This video demonstrates how to edit an interview. Its purpose is to illustrate how to approach the interview editing process, and not how to edit in iMovie. The subject of our interview is Lee Foster, author of “Travels in an American Imagination, The Spiritual Geography of Our Time”. The interview was shot on a iPhone 4S at a Bay Area Independent Publishers Association (BAIPA) workshop.
Begin by importing and reviewing your video footage. Your goal in the review process is to locate sound bites from your footage that you can combine together to create a story about your subject. It’s sort of like piecing together a jigsaw puzzle, where your looking for sound bites that will fit together to make a logical story. As you proceed, you take the various sound bites and add them to the iMovie timeline. The idea here is to construct the audio narration footage, without being concerned about the continuity of the video images.
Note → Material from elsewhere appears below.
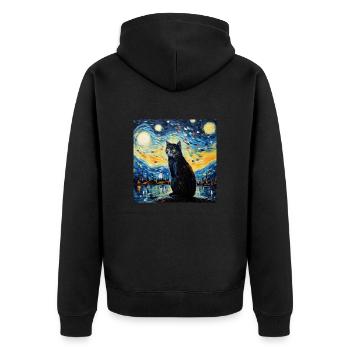 Katze, katzenmotiv - Unisex Premium Bio Zip Hoodie - Schwarz - Hinten - Nico (187cm)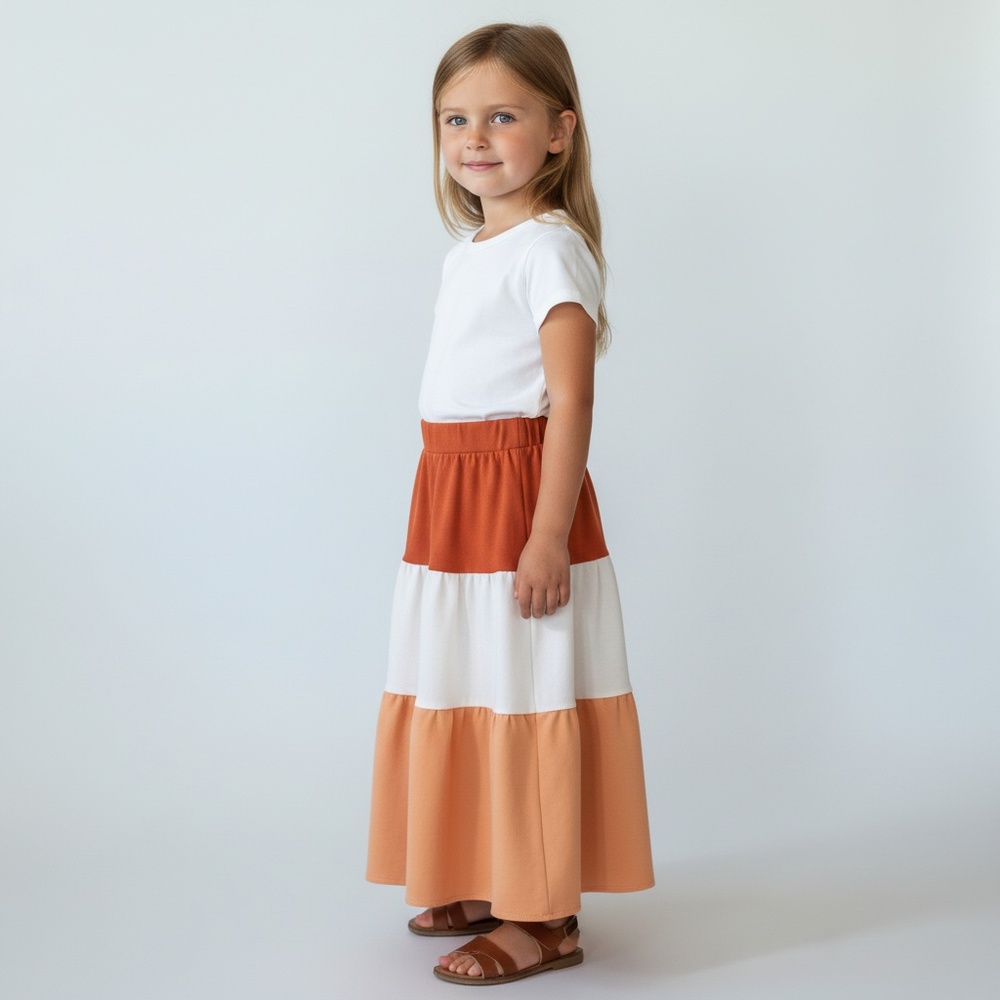 Skirt Girl 4‎ 100% Cotton Orange Colorblock Tiered Maxi Skirt Mom & Pop’s Kids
Once you’ve established a viable narration track you can move on to thinking about adding images to enhance the audio.
With the audio narration track established, the next step is to import images that will support the subject of the narration. These images can be other video clips, called “B-Roll”, photos, diagrams, animations, or even website screen shots. These images are located on the timeline, above the narration video track. We can still hear the audio, but the idea here is to “SHOW” rather than tell about what the speaker is talking about. Believe me, no one is interested in watching a talking head go on, and on, and on.
This video incorporates photographs to illustrate what Lee Foster is talking about. To make the photos more visually engaging we’ve used the “Ken Burns Effect”. The Ken Burns Effect allows us to create the illusion that the camera is moving across the images. With it we can pan, tilt, zoom-in and out of these images creating more visual interest.
The last step in the process would be to add title, lower 3rds, and the credits for all participants and media used.